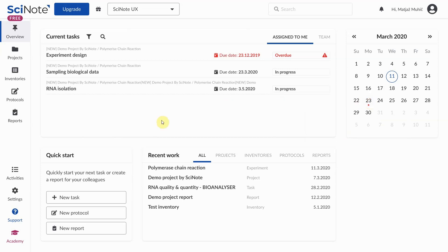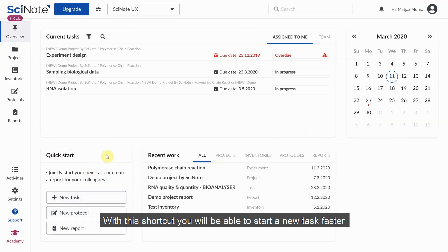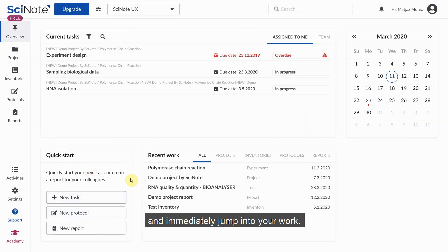The quick start section aims to increase the speed of creating common SciNote items. With this shortcut, you will be able to start a new task faster and immediately jump into your work.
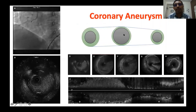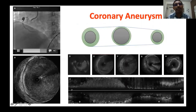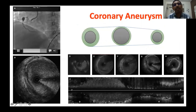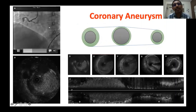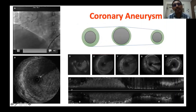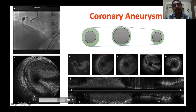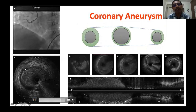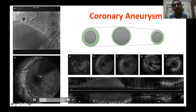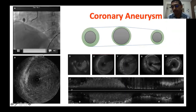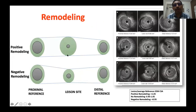Coronary aneurysm is defined with IVUS the same way as with coronary angiography — a segment that is more than 1.5 times the diameter of the reference segment. This is the typical appearance of aneurysm. IVUS helps in differentiating true from false aneurysms: when you see all three layers intact it is a true aneurysm; when there is a breach in the vessel wall continuity that is a false or pseudoaneurysm, easily identified with IVUS.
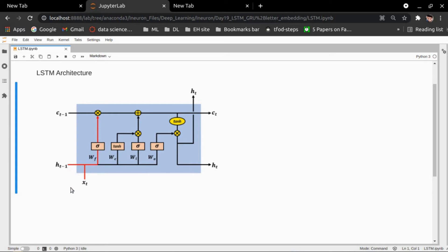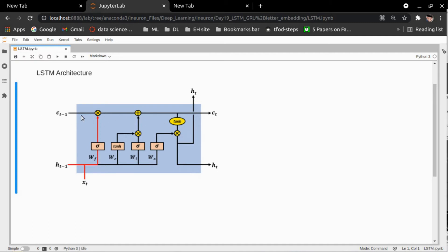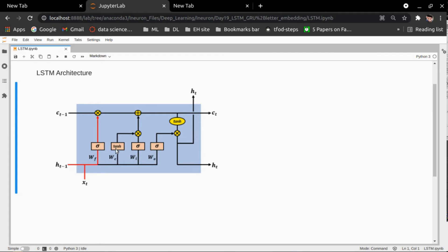Another sigmoid function with WO simply represents the output gate. Whatever value passes through this output gate goes through a sigmoid activation function, which returns a value between zero and one, and then there is an element-wise multiplication with CT. So to summarize, these three are: the forget gate, the input gate, and the output gate — plus the candidate generation gate.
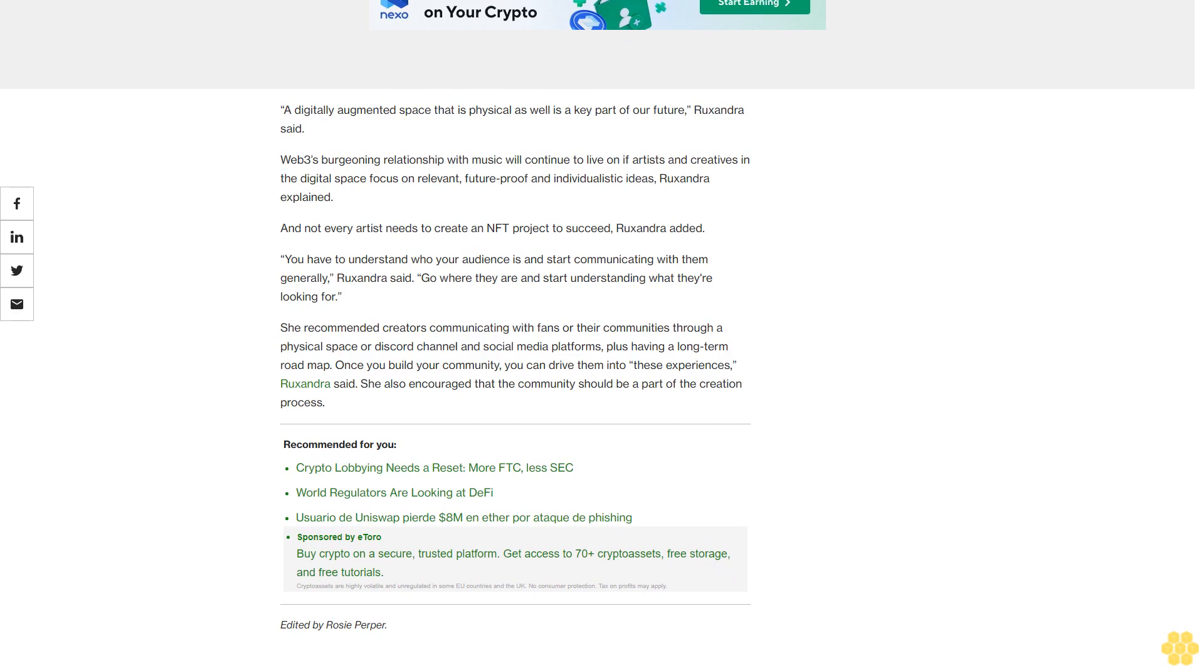Not every artist needs to create an NFT project to succeed, Ruxandra added. You have to understand who your audience is and start communicating with them. Generally, Ruxandra said, go where they are and start understanding what they're looking for.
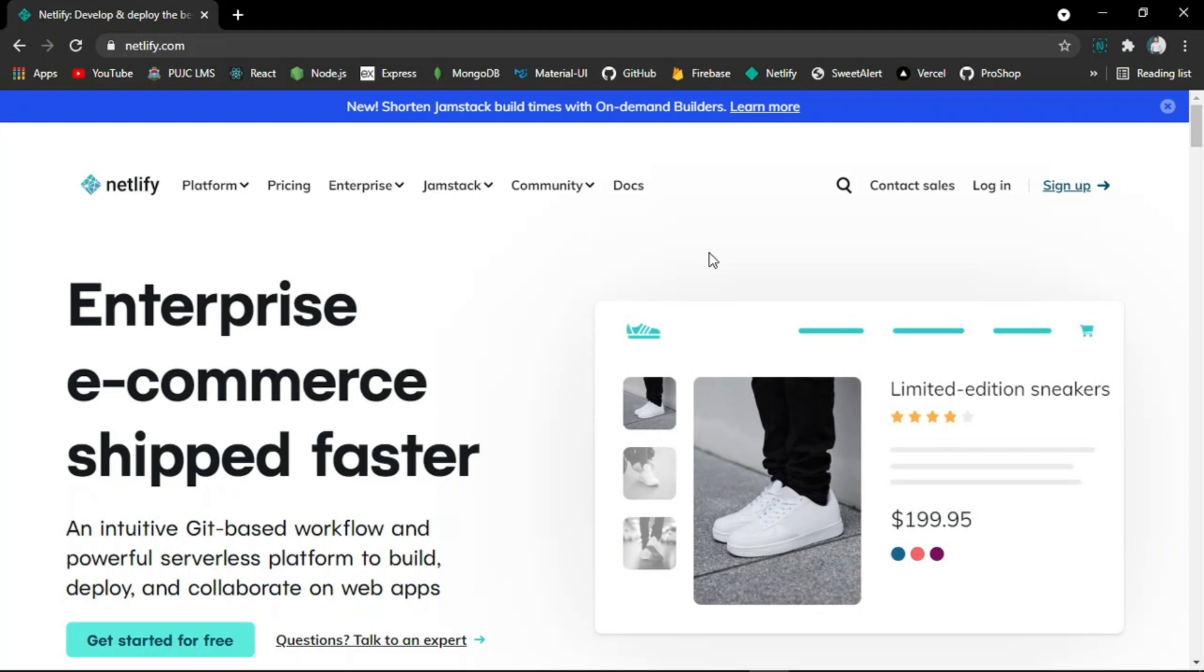Asalaamu Alaikum, I hope you all are doing well. In this video I will explain how to host a website for free on Netlify in less than a minute.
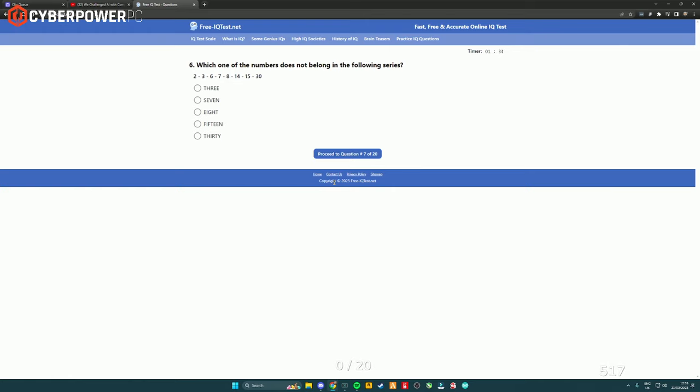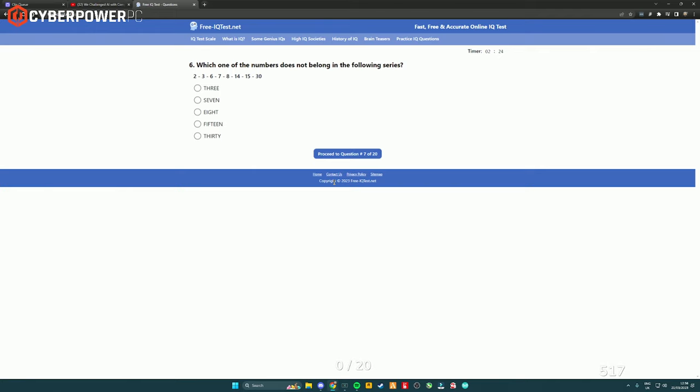Which of the following numbers does not belong in the following series? Two, three, six, seven, eight, 14, 15, 30. Hold up. Two, three, six, seven, eight, 14, 15, 30. What the fuck? Why are they in a thing though? Which of the numbers does not belong in the following series? I don't know. Three, seven, eight, 15, 13. Which numbers does not belong? Well, 13 isn't in it. Three's in it. Seven's in it. Eight's in it. 15's in it. But 13 isn't. So fuck it, I'm just going to go with 13.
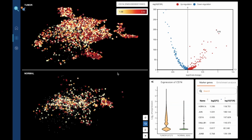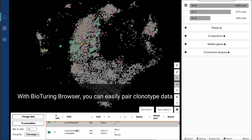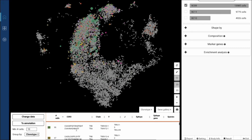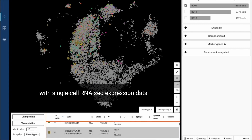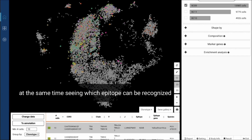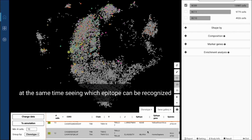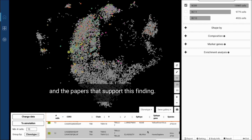Pair clonotype data with expression data. With BioTuring Browser, you can easily pair clonotype data with single cell RNA-seq expression data, at the same time seeing which epitope can be recognized and the papers that support this finding.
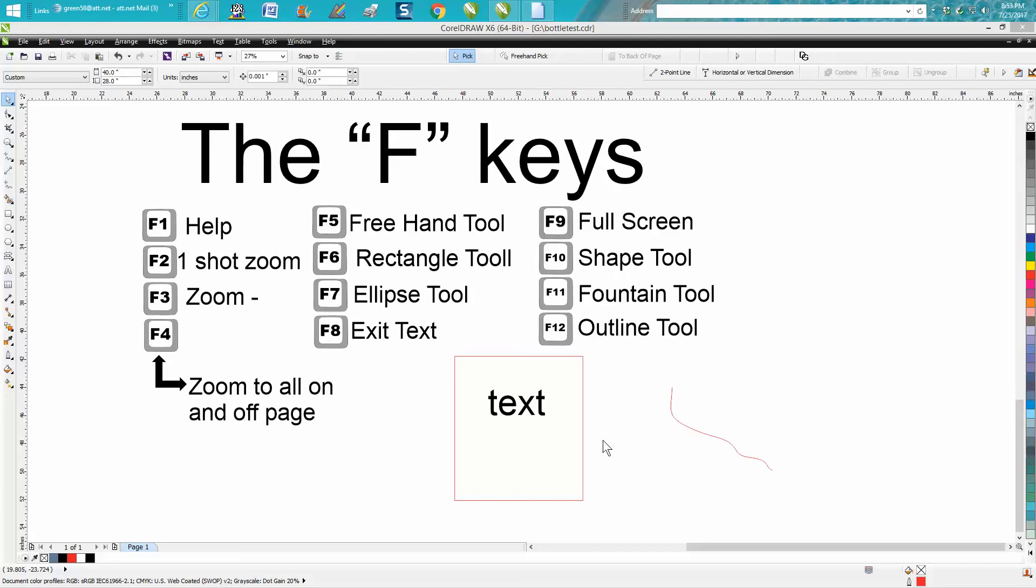Hi, it's me again with CorelDRAW tips and tricks, and today's video is going to be about the F keys. I've done some videos on most of these, but a couple of them I've never even included in my video series.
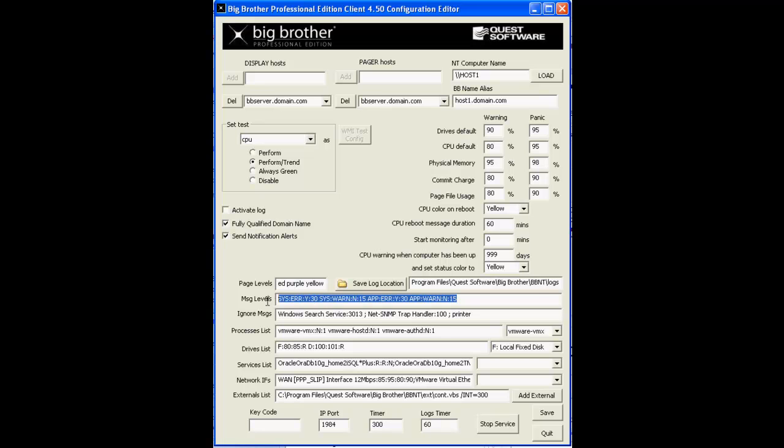The Message Levels field is for event log monitoring. These are four field colon delimited configurations that monitor Windows event logs for errors and warnings.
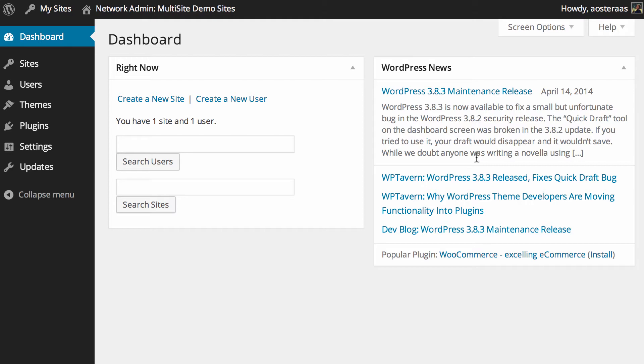In this video we're going to show you how easy it is to add a new site to a WordPress multi-site network. As you can see, we're starting off in the network administration dashboard, so you'll need to be there as well.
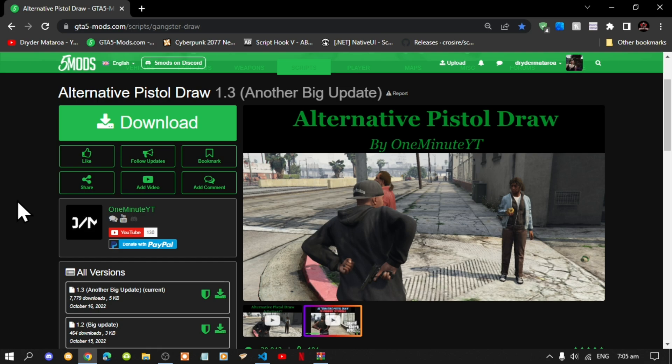So why don't you go inside my description below and go check them out and we are going to get straight into the video. Now this video is all about on how to install the alternative pistol draw mod inside your Grand Theft Auto V folder.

++++

▸ **Exercise directions**
Go to the line above that has "Coronary aneurysm is" and copy exactly from there down to the line that has "The Message Levels", both included. Leave the pictures out.

▸ **Your response**
Coronary aneurysm is defined with IVUS the same way as with coronary angiography — a segment that is more than 1.5 times the diameter of the reference segment. This is the typical appearance of aneurysm. IVUS helps in differentiating true from false aneurysms: when you see all three layers intact it is a true aneurysm; when there is a breach in the vessel wall continuity that is a false or pseudoaneurysm, easily identified with IVUS.
Another sigmoid function with WO simply represents the output gate. Whatever value passes through this output gate goes through a sigmoid activation function, which returns a value between zero and one, and then there is an element-wise multiplication with CT. So to summarize, these three are: the forget gate, the input gate, and the output gate — plus the candidate generation gate.
Not every artist needs to create an NFT project to succeed, Ruxandra added. You have to understand who your audience is and start communicating with them. Generally, Ruxandra said, go where they are and start understanding what they're looking for.
Asalaamu Alaikum, I hope you all are doing well. In this video I will explain how to host a website for free on Netlify in less than a minute.
Which of the following numbers does not belong in the following series? Two, three, six, seven, eight, 14, 15, 30. Hold up. Two, three, six, seven, eight, 14, 15, 30. What the fuck? Why are they in a thing though? Which of the numbers does not belong in the following series? I don't know. Three, seven, eight, 15, 13. Which numbers does not belong? Well, 13 isn't in it. Three's in it. Seven's in it. Eight's in it. 15's in it. But 13 isn't. So fuck it, I'm just going to go with 13.
Pair clonotype data with expression data. With BioTuring Browser, you can easily pair clonotype data with single cell RNA-seq expression data, at the same time seeing which epitope can be recognized and the papers that support this finding.
Hi, it's me again with CorelDRAW tips and tricks, and today's video is going to be about the F keys. I've done some videos on most of these, but a couple of them I've never even included in my video series.
The Message Levels field is for event log monitoring. These are four field colon delimited configurations that monitor Windows event logs for errors and warnings.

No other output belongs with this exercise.